Thirty-one words. Perhaps not quite the equal to Lincoln’s Gettysburg Address for brevitic brilliance, but close. Damn close. Then, a call for renewed national purpose and an end to bloody division. In 1964, a dialogue between a future Commander-in-Chief and an all-time hottie, with little at stake but a woman’s pride. But it’s enough. While our very existence no longer hung in the balance, a gangster’s hold on a dame sure as hell did. If he let this go, well, he may as well pack up and go home. Or to the grave, which likely held more dignity. Here, in full, is that exchange:
Jack: “You get back to the hotel and stay there.”
Sheila: “I like it here.”
Jack: “Go on, get moving.”
Sheila: “I said, I like it here.”
Jack: “Well, I can change that in a hurry.”

Watch this scene on YouTube
Before we can absorb the rat-a-tat rhythm of the prose, Jack has sprung from his seat and slapped Sheila with such force, it’s a wonder she didn’t lose her head. But it’s more than a blow to feminist sass; it’s Ronald Wilson Reagan foreshadowing his future. The final on-screen appearance of an actor who saw every reason under the sun to move from the sound stage to the governor’s mansion, with the White House soon to follow, simply because acting and politics have always shared a bed. A send off so hyper-masculine, he all but repealed the Nineteenth Amendment with a single blow. Dutch’s quixotic (first) campaign for the presidency officially launched on November 20, 1975, but those most familiar know it started here. With John Cassavetes looking on.

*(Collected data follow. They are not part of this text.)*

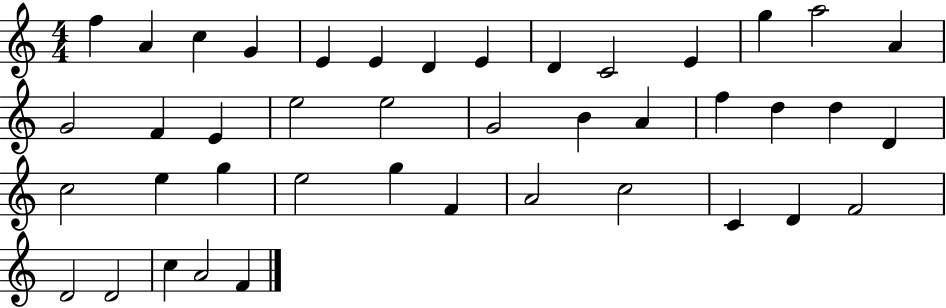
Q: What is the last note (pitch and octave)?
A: F4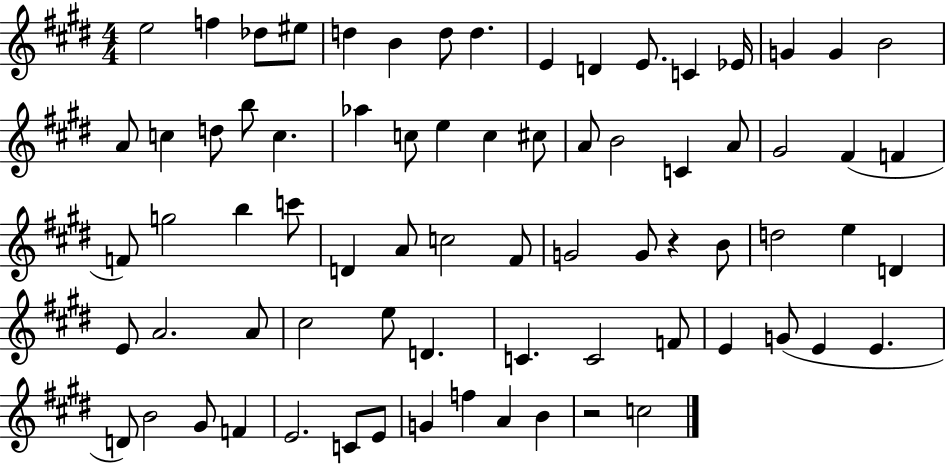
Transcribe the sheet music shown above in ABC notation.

X:1
T:Untitled
M:4/4
L:1/4
K:E
e2 f _d/2 ^e/2 d B d/2 d E D E/2 C _E/4 G G B2 A/2 c d/2 b/2 c _a c/2 e c ^c/2 A/2 B2 C A/2 ^G2 ^F F F/2 g2 b c'/2 D A/2 c2 ^F/2 G2 G/2 z B/2 d2 e D E/2 A2 A/2 ^c2 e/2 D C C2 F/2 E G/2 E E D/2 B2 ^G/2 F E2 C/2 E/2 G f A B z2 c2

Before Reykjavik, there was The Slap Heard ‘Round the World. Before the Brandenburg Gate, when Reagan put an evil empire on notice, there was American Manhood on trial for its very life, with sheer force as the only antidote to flaccidity. For decades, accommodation and passivity. Suddenly, as the 80’s dawned, a man more than willing to bankrupt a world to keep nuclear Armageddon at bay. Tough talk, yes, but a fucking arsenal to back it all up. And none of it happens without Angie Dickinson being willing to take one for the team. She could have sulked and mumbled her way back to the hotel, but she had a nation to inspire. A nation that needed a leader. Not the same old same old, but a man with an unhinged monomania. The obsession of a dying century. A cock-first call to arms because there will not be any more Vietnams. Not unless we’re willing to go all the way.

Now I know what you’re thinking. Two entries deep into the Men of Consequence sweepstakes, and both involve beating some broad to a pulp. Is that the standard? Cute, but not quite accurate. Remember, in Act I, Lee Marvin absorbed the blows and never raised a hand. If anything, he should have been the one calling in the troops. And in Act II, Reagan does indeed loosen at least one row of teeth, but consider the milieu. In polite society, unforgivable. But we’re among lowlifes here. Bastards, criminals, brutes, and scumbags. Not one who earns an honest dollar. I mean, the movie is called The Killers, for chrissakes. And as Hyman Roth once said to Michael Corleone, “This is the business we’ve chosen.” Here, in this context, you’re gonna take some licks. Yes, the women too. After all, when your boyfriend sends people to the morgue for a living, the babe of the woods routine rings a little hollow when he brings his work home from time to time. No one undermines the man with the biggest gun. Not even you.
So is that it, then? The Reagan Revolution was hatched by a misogynistic act of domestic violence? Unavoidably, yes. And while our 40th president looks better and better as the Trump years drone on and on with a sadistic drip previously thought impossible, it cannot be forgotten that in his own time, Ronnie appeared to many as the last gasp of civilization. If he didn’t launch the missiles himself, he was just reckless enough to inspire others to do it for him. The Day After resonated for a reason. It felt, frankly, all too possible. Now, of course, with the safety of hindsight, he’s damn near as gentle as Carter, and in other ways, more reasonable than just about any current Democrat. A masculinity that inspires both hopeful nostalgia and a fear it’s forever lost to the sands of time. But yes, it once involved clocking the star of Police Woman. Hard. For America.